O que pode um corpo, perguntava Spinoza lá no início da era moderna. Não sem razão foi (o corpo) o alvo principal das técnicas disciplinares e, posteriormente, como corpo coletivo, preocupação principal da sociedade de controle e suas biopolíticas. A resposta, a resistência sempre esteve presente, mas, de maneira geral, desvalorizada por uma visão pouco afetiva e efetiva da política que destinava às questões corporais o espaço do privado, do doméstico. Aí tem lugar o papel decisivo dos movimentos feministas, tanto em suas elaborações teóricas, quanto em suas práticas de luta e reivindicações, na politização do corpo e sua problematização nas esferas públicas
Stuart Hall, solicitado a fazer um percurso dos Estudos Culturais, reconhece o papel que as pensadoras feministas tiveram para descentrar ainda mais o sujeito cartesiano apontando as relações de poder específicas à questão de gênero, bem como o cruzamento destas com outros tipos de micro e macro poderes. Ora, as artistas estavam presentes nesse processo, que podemos situar com mais clareza por volta dos anos 1960. E recorrendo ao que naquele momento configuravam-se como as novas tecnologias a serviço de suas capacidades criativas e comunicativas, como o vídeo. No Brasil, Letícia Parente, em plena ditadura militar, se filmou bordando na planta de seu próprio pé com agulha, linha e sangue a mensagem: Made in Brazil.

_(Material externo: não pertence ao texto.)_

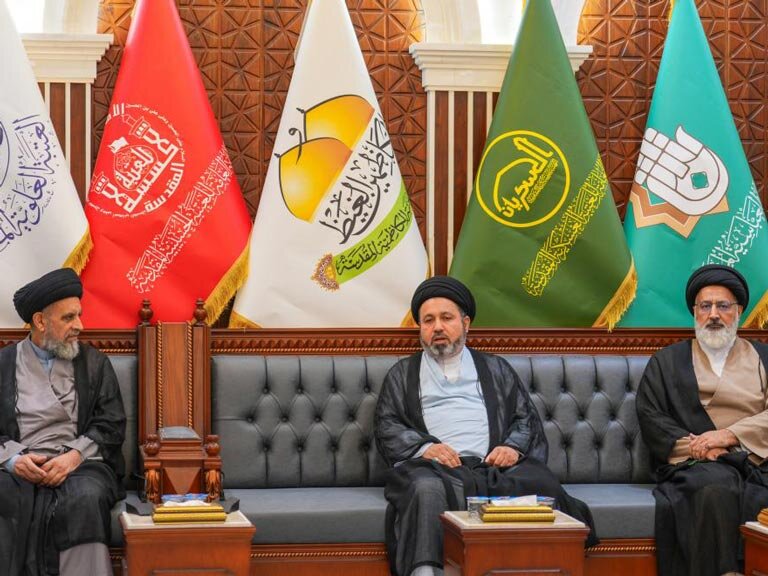 Holy Alawi Shrine Donates the Works of Muhaqqiq Naini to the Holy Shrines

Uma das pioneiras nesse uso artístico e político do vídeo, tendo o corpo como materialidade prima de suas obras, é a artistasaustríaca VALIE EXPORT, marca que Waltraud Lehner começou a usar em fins dos sessenta. Recentemente, se encerrou a primeira exposição individual desta artista de Viena no Brasil. Intitulada “VALIE EXPORT: CORPO = LINGUAGEM”, a mostra esteve entre os dias 6 de abril e 1º de maio no Centro de Arte Contemporânea e Fotografia, em Belo Horizonte.
A curadora responsável, Berta Sichel, reuniu um conjunto significativo de obras da artista que, como situa Sichel, “faz aparecer o corpo e o espaço em múltiplas formas e encarnações”, transformando o espaço urbano em sua arena e o vídeo em espaço alternativo. Também em Belo Horizonte, na FUNARTE, do dia 12 de abril até 12 de junho, a exposição da artista Milena Travassos, intitulada “Sala de Jejum”. Meio século depois, o corpo e o vídeo continuam se misturando como possibilidade de resistência política. Mas se na década de 1960, o dado político era mais explícito, como afirmação de uma posição, hoje ele é mais poético. Travassos, uma artista que inicia sua produção no novo milênio, recorre a um texto de Benjamin, Sala de Desjejum, para conceituar e nomear sua mostra.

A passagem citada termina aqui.